PROBLEM TO SOLVE:
Only an exact repetition of the lines from the one holding "967 24th Street Oakland CA 94607" to the end of the data is wanted, with pictures left out.

MATERIAL FOR THIS EXERCISE:

______________________________

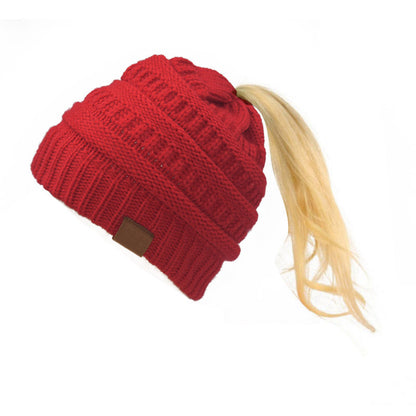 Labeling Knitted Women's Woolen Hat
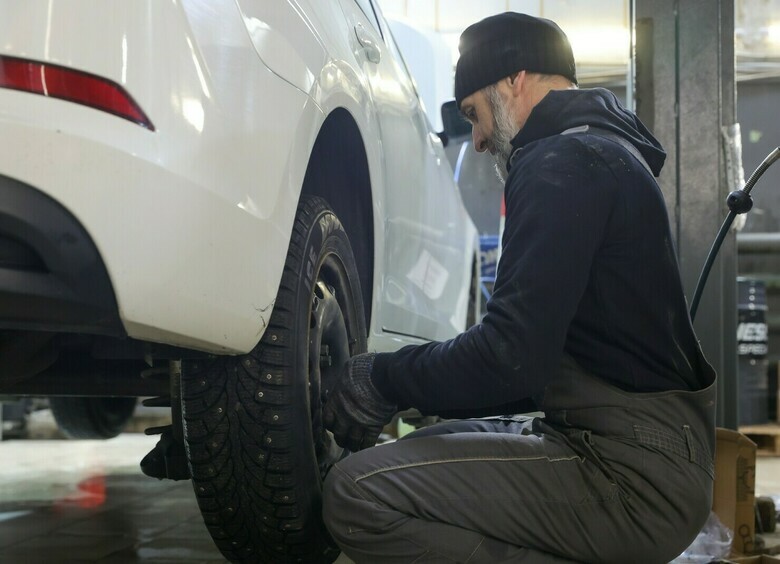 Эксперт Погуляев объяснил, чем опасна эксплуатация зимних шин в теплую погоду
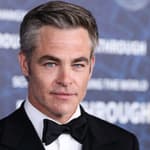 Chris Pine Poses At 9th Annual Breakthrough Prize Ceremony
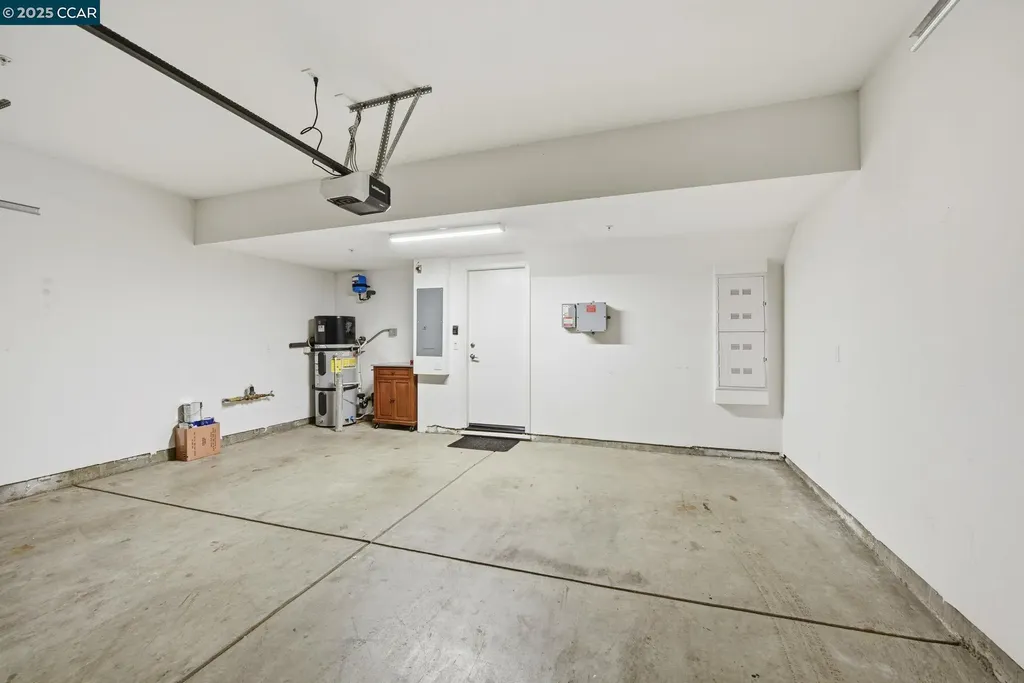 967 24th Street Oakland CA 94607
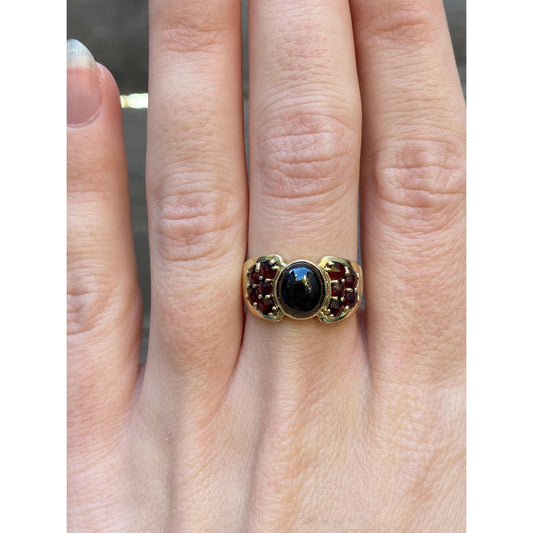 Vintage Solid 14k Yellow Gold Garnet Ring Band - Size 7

______________________________

ANSWER SPACE:
 967 24th Street Oakland CA 94607
 Vintage Solid 14k Yellow Gold Garnet Ring Band - Size 7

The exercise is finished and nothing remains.